My Experience at the UN 30 Year Celebration of the Convention on the Rights of the Child Exhibition

My Experience at the UN 30 Year Celebration of the Convention on the Rights of the Child Exhibition


In this article, I would like to share my experience regarding my participation in the United Nations Celebration of the Convention on the Rights of the Child 2019 Event “30 Years of Children’s Rights: Where We Are And Where We Want To Be”. This event took place in September at the UN in Geneva, Switzerland.


I was asked to attend this event through my engagement and volunteer work with Child Rights Connect, a non-governmental organization based in Geneva. For months leading up to the conference, I had been collaborating with Child Rights Connect and an international advisory team of 10 youth, to help draft and create the first child-friendly version of the Convention on the Rights of the Child (CRC)!


This project was a UNICEF supported project and was absolutely incredible to be a part of. Not only did I get to read the entire adult version of the convention document, I also got to help condense it, make it easier for children to understand, and make the overall appearance of the document more bright and engaging by adding fun colours, attracting symbols and making the document accessible for all children!

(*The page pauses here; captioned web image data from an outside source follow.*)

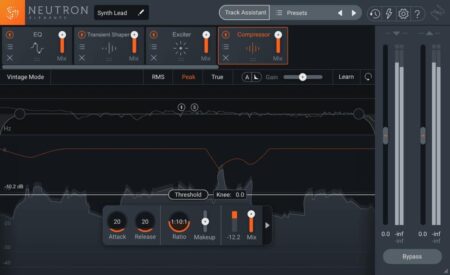 Get FREE iZotope Neutron Elements & More! (#StayInCreate)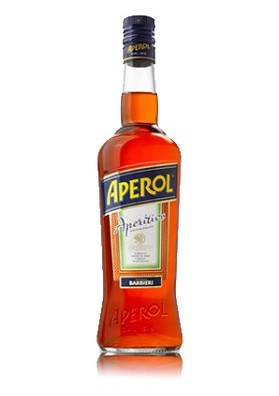 Aperol 0,7l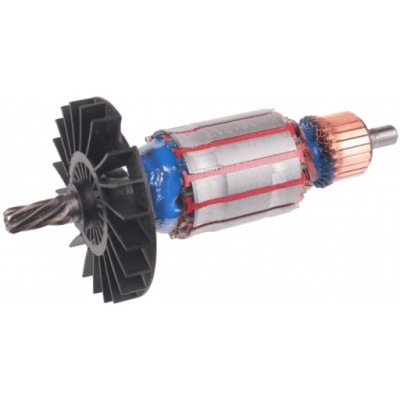 BOSCH GBH 2-28 D DFV DV 1614010262 rotora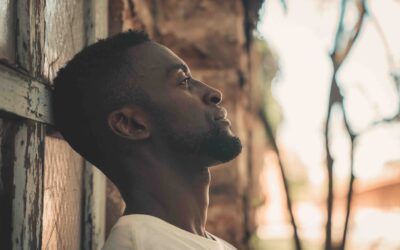 Jackson martínez presenta ‘Las 2 puertas’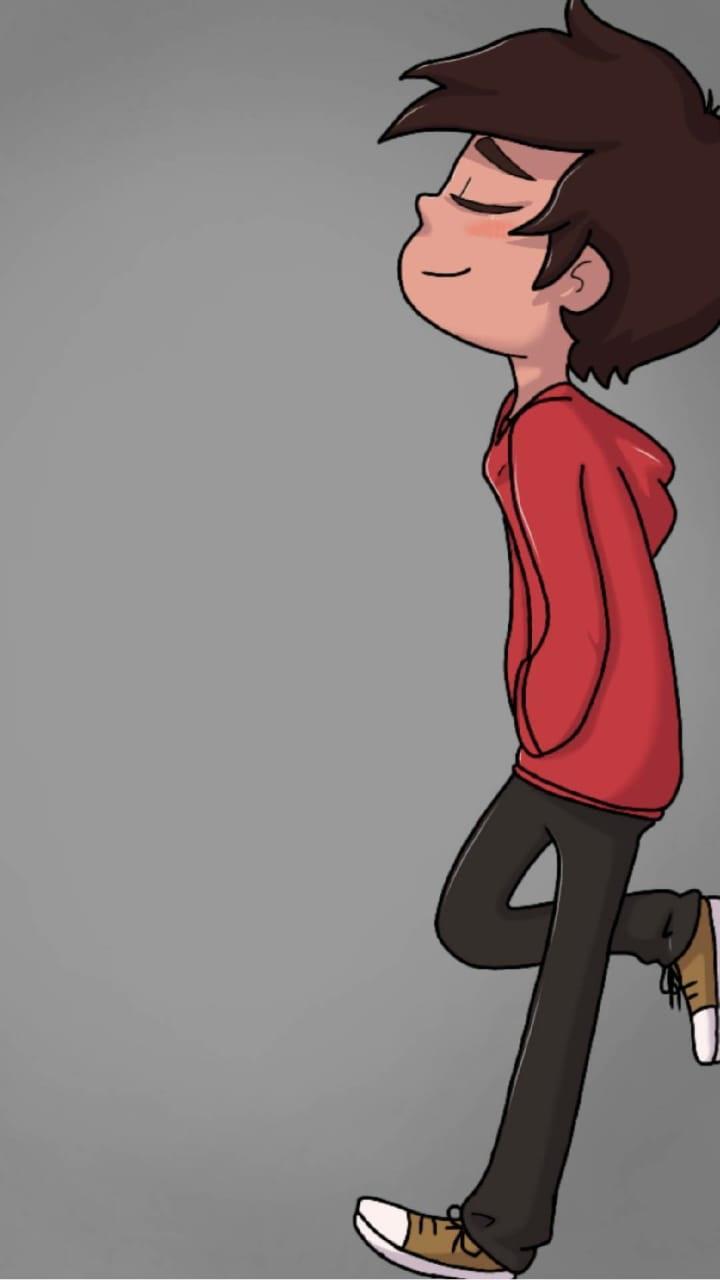 Paling Keren 30 Download Foto Wallpaper Kartun - Gambar Kartun HD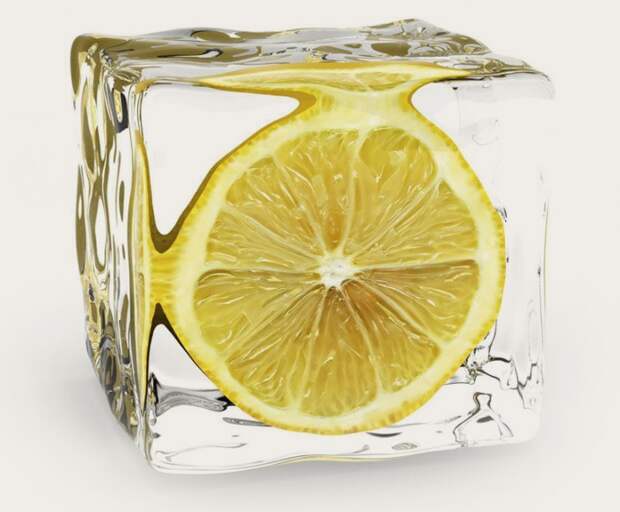 limon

I would like to thank the Inter-American Children´s Institute (IIN) for referring me to work with this international child advisory team, and would like to thank Child Rights Connect for facilitating all of our communication and ideas. It was truly extraordinary to help contribute to the forming of a child-friendly version of the CRC and thus, contribute to the history of children’s rights.

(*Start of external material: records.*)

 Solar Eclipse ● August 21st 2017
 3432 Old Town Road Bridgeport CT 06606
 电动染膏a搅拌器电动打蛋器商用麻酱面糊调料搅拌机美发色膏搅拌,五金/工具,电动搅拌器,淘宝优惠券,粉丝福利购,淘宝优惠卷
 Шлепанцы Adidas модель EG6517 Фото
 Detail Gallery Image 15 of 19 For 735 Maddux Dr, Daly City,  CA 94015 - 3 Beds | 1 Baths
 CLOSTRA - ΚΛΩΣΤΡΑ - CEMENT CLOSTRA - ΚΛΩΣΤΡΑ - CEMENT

Once the child-friendly document of the CRC was complete and approved by UNICEF, all the children who helped create it were proud and excited. Shortly after being approved, the advisory children were informed that the child-friendly document would be revealed and discussed at an event at the United Nations in Geneva in September of 2019. Child Rights Connect organized for 2 of the children on the advisory team to travel to this event to speak about their experience helping draft the child-friendly version and how much children’s rights and accessibility to resources means to them. These 2 children were Zcyrel from the Philippines and Maria from México! Child Rights Connect also had an opportunity for a young human rights defender to help with the closing of the event and to help promote the event over social media! This is where I came in! I was honoured to have the role of giving the concluding remarks for the event and using my influence on social media to spread information about the event!

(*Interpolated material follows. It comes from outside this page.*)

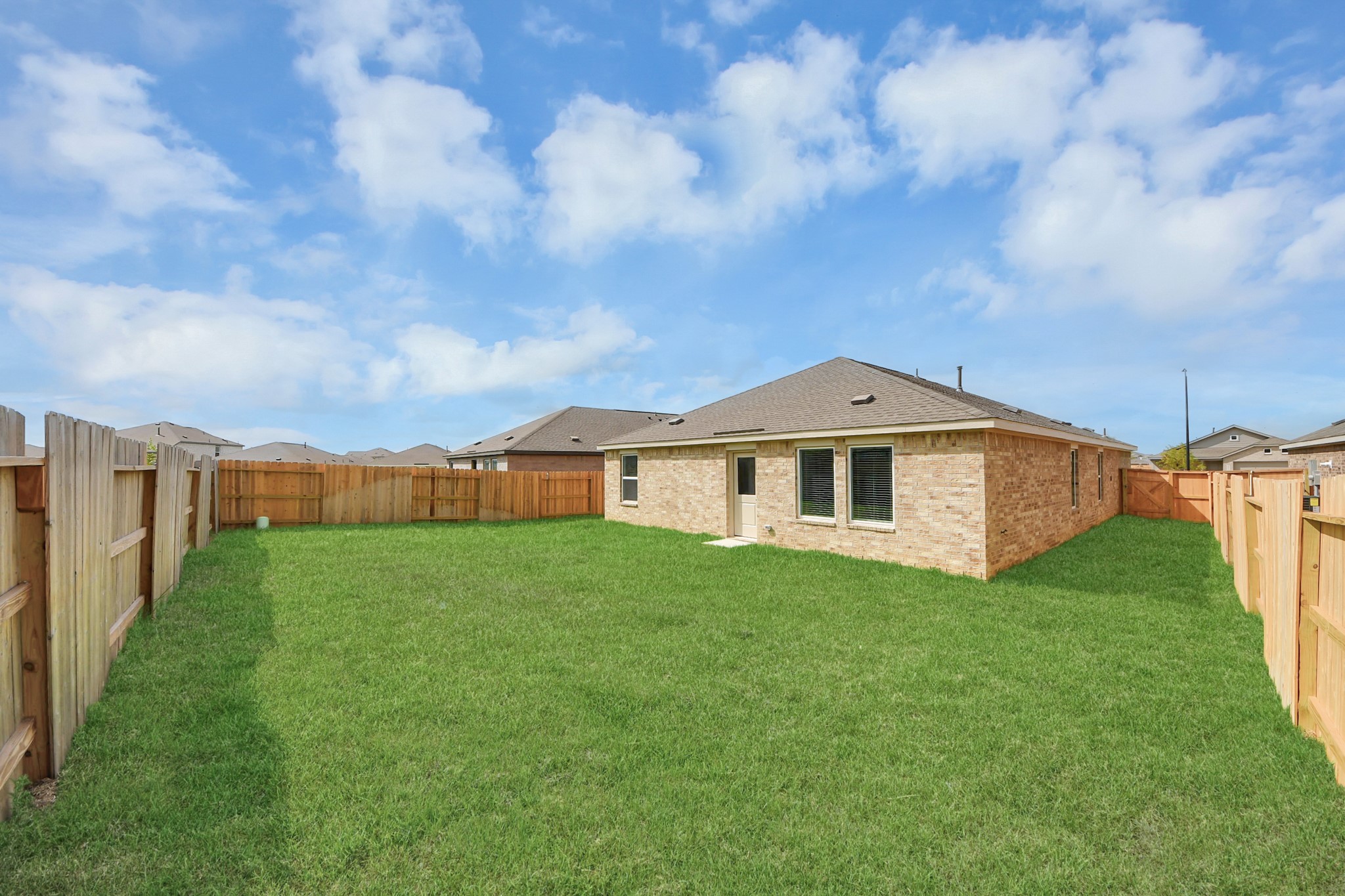 28918 Bison Haven Drive Property Photo 35
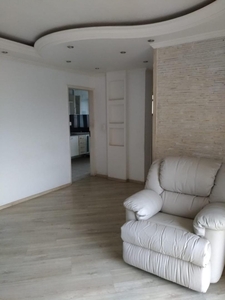 Apartamento em Vila Rosália, Guarulhos/SP de 67m² 2 quartos à venda por R$ 340.000,00 ou para locação R$ 1.500,00/mes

My journey to the event in Geneva began September 14th and I was super excited to have my sister join me as my accompanying adult. She was equally excited as she is a very proud and vocal feminist therefore she was humbled at the opportunity to visit the United Nations, as they are an institution committed to promoting women’s rights and gender equality across the world. We both arrived on the 15th and spent the rest of the day preparing my various social media handles to diffuse the information about the event.


My Instagram account @amyyspears was the handle which would be used the most and therefore we worked together to create the content that we wanted to share to the world. On the night of the 15th was the big reveal of a video that UNICEF created in celebration of the Convention on the Rights of the Child’s 30th Anniversary. I shared this video to my Instagram and immediately my handle started receiving tons of positive comments and reactions! It was a wonderful and successful way for me to connect my communities back home and my networks across the world to what was happening in Geneva to celebrate and promote children’s rights!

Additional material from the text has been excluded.